Belakangan kita tahu, teror bom di kawasan Sarinah, Jakarta, itu tidak hanya mengagetkan seluruh warga bangsa tentang "ancaman bom" di Kota Metropolitan Jakarta, tapi juga membongkar ketidakharmonisan antara lembaga intelijen negara dengan lembaga kepolisian negara. Dua lembaga yang harusnya bersinergi itu, berlomba-lomba berselfi ria tentang posisi dan kedudukan masing-masing.

Memang, polemik wacana kewenangan menangkap itu tidak ada ujungnya. Kita tak tahu apa hasil dari polemik yang sempat menyita perhatian publik itu. Kita hanya tahu, Presiden Joko Widodo mengajukan Komjen Pol Budi Gunawan sebagai calon Kepala BIN menggantikan Sutiyoso. Dan, pengajuan seorang anggota Polri sebagai Kepala BIN tampaknya sebagai upaya untuk menjawab apa yang disampaikan Sutiyoso.

Dengan memilih Budi Gunawan, yang notabene seorang polisi, mungkin diharapkan BIN akan mulai melakukan penangkapan dan bukan pengumpulan data seperti selama ini. Setidaknya, BIN di tangan seorang polisi, bisa langsung punya akses kepada polisi sebagai penegak hukum yang punya wewenang menangkap.

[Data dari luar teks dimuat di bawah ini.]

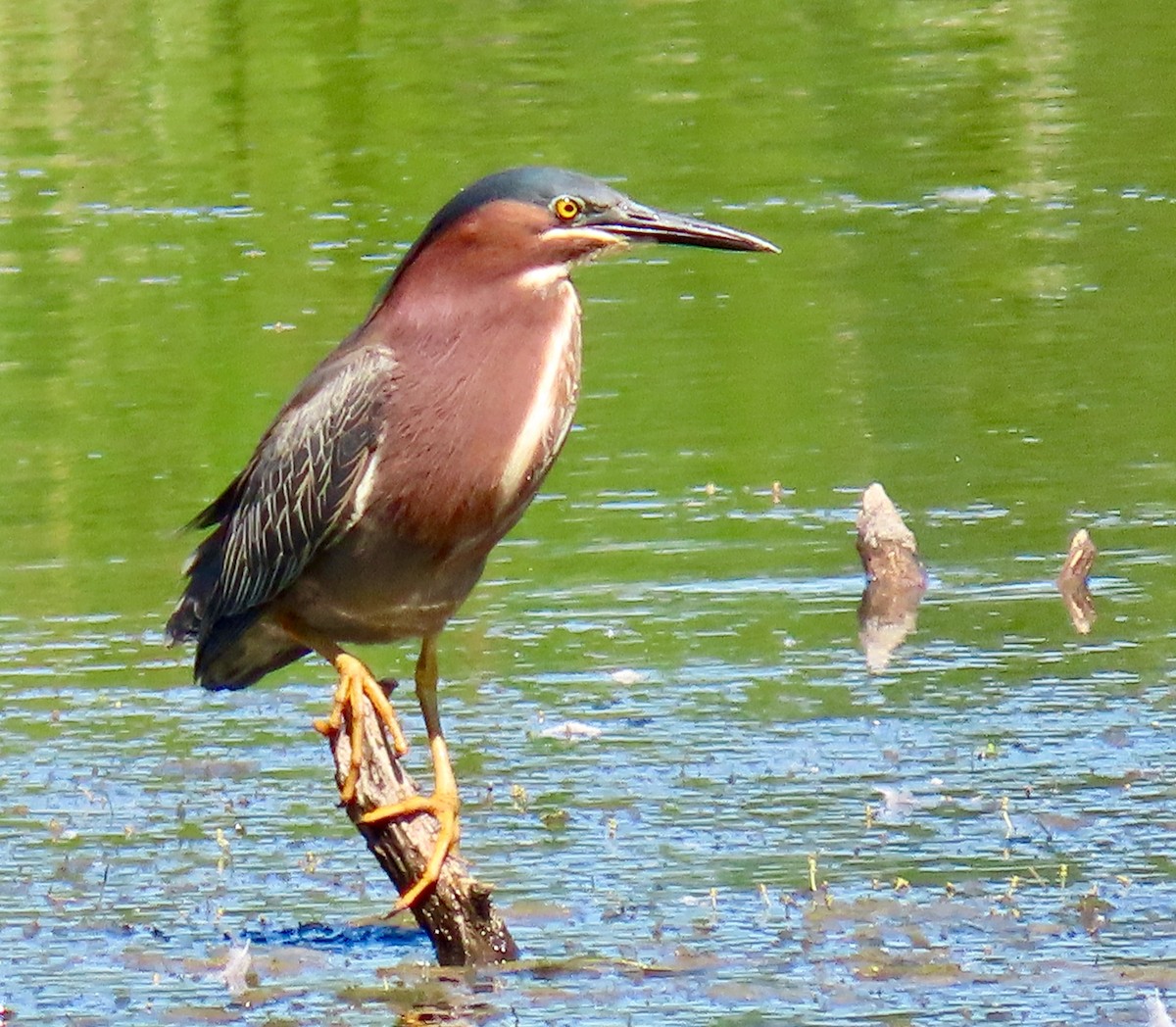 Green Heron - ML638302527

Mungkin juga, pengajuan Budi Gunawan sebagai Kepala BIN sekaligus menegaskan sikap Jokowi, bahwa dia kurang percaya pada kemampuan BIN bila dipimpin seorang TNI. Teror bom di Sarina, Jakarta, itu sebagai buktinya. Ketidakmampuan BIN menguntit aksi teror bom membuat publik mengecam pemerintahan Jokowi. Eh, bukannya BIN meminta maaf, tapi malah mempertanyakan wewenang penangkapan teroris yang tak ada di tangan BIN.

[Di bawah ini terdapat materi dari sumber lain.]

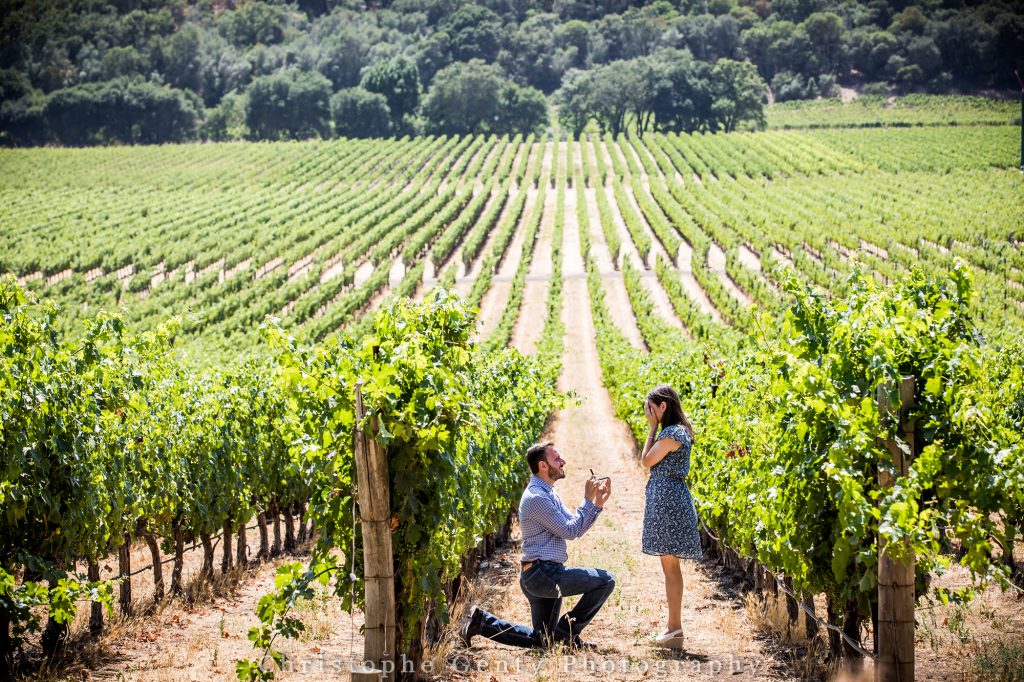 Best proposal wineries in the Napa Valley - Stags Leap Winery, Yountville - CA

Sutiyoso seakan-akan mengatakan, BIN akan kuat bila punya wewenang menangkap teroris. Tapi, pernyataan itu, ternyata ditafsirkan berbeda oleh Polri, seolah-olah Sutiyoso ingin menegaskan bahwa Polri yang berwewenang menangkap tidak melakukan tugasnya.

Mungkin Sutiyoso benar, barangkali juga Badrodin tidak keliru. Kita berharap polemic soal itu segera selesai bila DPR RI akhirnya memilih Budi Gunawan sebagai Kepala BIN menggantikan Sutiyoso. Tapi, tampaknya, BIN tak akan banyak berubah. Sebab, sebelum Budi Gunawan, pernah juga anggota Polri menjadi Kepala BIN.

Di zaman Presiden Susilo Bambang Yudhoyono (SBY), Jenderal Pol Sutanto menjadi Kepala BIN. Pada masa itu, teror bom lebih ganas lagi. Bahkan, aksi-aksi kelompok teror yang dipimpin Azhari, semakin sering dan sukar diidentifikasi. Bahkan, pada masa Sutanto, sel-sel teroris terus berkembang. Azhari bukan lagi satu-satunya sel teroris di negeri ini, juga bukan satu-satu acuan gerakan terorisme.

BIN dan Polri kemudian bersinergi, dan berhasil menangkap Azhari. Tapi, kita sadar, setelah Azhari dinyatakan tewas, ternyata benar kalau Azhari bukan satu-satunya pimpinan terorisme. Ternyata pula, sel-sel terorisme makin banyak.